Whether or not you are raising your grandchildren, you have an incredible impact on them. Use this influence for good. It’s not just about the money; it’s about your conversation and actions. They are watching you and learning from you. Are you the grandparent you want to be when it comes to teaching them financial responsibility?
We are all trying hard. Read these four money mistakes you’re probably making and see if any resonate with you.
Mistake #1: Not Preparing Your Kids And Grandkids For Their Inheritance
A 2016 story published on CNBC.com indicated that approximately $30 trillion will transfer to our grandchildren. Because many Baby Boomers feel that their children have blown-it when it comes to money, much of the inheritance may skip a generation and head into the pockets of their grandchildren.

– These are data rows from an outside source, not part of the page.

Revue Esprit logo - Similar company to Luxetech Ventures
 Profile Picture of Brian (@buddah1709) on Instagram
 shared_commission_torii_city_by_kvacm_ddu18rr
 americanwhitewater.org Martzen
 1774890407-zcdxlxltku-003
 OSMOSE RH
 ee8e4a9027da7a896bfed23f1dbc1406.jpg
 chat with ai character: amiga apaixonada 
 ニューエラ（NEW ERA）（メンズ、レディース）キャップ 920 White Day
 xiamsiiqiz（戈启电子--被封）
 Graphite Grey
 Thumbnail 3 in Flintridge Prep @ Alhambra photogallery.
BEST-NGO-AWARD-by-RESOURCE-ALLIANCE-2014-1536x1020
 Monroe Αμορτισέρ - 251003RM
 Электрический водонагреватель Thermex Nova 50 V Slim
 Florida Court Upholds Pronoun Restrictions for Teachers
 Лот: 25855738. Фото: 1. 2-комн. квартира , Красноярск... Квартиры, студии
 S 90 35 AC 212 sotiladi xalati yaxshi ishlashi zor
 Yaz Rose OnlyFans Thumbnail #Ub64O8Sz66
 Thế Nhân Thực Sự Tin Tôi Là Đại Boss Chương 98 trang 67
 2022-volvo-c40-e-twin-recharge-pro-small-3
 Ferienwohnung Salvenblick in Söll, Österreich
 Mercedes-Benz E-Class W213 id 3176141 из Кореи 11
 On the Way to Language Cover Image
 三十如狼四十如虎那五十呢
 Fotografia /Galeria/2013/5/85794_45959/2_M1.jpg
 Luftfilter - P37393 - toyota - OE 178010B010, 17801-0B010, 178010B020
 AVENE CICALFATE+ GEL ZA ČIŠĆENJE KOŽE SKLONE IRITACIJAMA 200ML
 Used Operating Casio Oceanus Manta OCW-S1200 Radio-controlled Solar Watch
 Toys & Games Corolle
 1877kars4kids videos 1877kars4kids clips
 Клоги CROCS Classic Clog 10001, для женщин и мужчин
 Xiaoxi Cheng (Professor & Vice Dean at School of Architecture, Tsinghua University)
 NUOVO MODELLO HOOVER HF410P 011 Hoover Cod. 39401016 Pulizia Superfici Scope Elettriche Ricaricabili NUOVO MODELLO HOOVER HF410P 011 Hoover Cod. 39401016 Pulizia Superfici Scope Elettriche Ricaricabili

I am not a believer that money should just magically transfer upon your death. This is not the secret you want to keep; it sends the wrong message. You are not your money; you are your values. Let your kids and grandkids know what is important to you and why you have left them this incredible gift. Tell them that their inheritance is not intended for them to drop out of school, drink margaritas on the beach, and pierce every inch of their body.
Convey to your kids and grandkids what your dreams are for them. You may want them to pay for college, or to pay for their first home, or travel. In addition, let your family know about your favorite charities, and get them involved with those while you are alive. It’s way more powerful to share your passions while you are there to explain their importance to you.
Mistake #2: Spoiling The Grandkids
Many grandparents may feel that “spoiling the grandkids” is part of the job description, but it’s not. (Okay, I know that I just set myself up as the “evil money expert;” however, you don’t want to foster the, “I want, I want syndrome.”) Be the first one to discuss your kid’s parenting of the grandkids, citing that you think the grandkids are too materialistic and are frankly always asking for things. This may be no surprise because you may have contributed to this pattern, the classic Pavlovian response. Do you always show up with a gift for the grandkids? You may think that this is the role of a grandparent, but it also fosters the “entitlement program,” as I call it. You know how it works; Grandma or Grandpa show up and the grandkids receive a gift.
Just think about your relationship with your grandparents. I bet those fond memories don’t include all the gifts they bought you. Mine include the talks and the hugs and the unconditional love. My Grandma Jewel was my biggest fan. That’s what I remember. I could call her at any time of the day or night and she always made things better.
Build memories with your grandchildren. They want your time. You can do an activity with them. Do you cook or play golf? Those are great activities to do with the grandkids. You can turn all of these into learning as well. Cooking, for instance, involves reading a recipe or following Grandmas’, a trip to the store to buy the ingredients, and then the science and art of making the dish.
Remember when you were a kid? You picked out something that you wanted and you worked hard for that. You saved your money and finally bought that bike or Barbie or a special gift for Mom. I bet you took care of that bike and you may still have that Barbie. Why take that empowerment and joy away from your grandkids?
Give your grandkids odd jobs to do around your home, so they can earn extra money to reach their goal. This activity fosters “work-for-pay” principles and gets them closer to their goal, without undermining their hard work. Celebrate when they finally get to buy the item they have been saving for.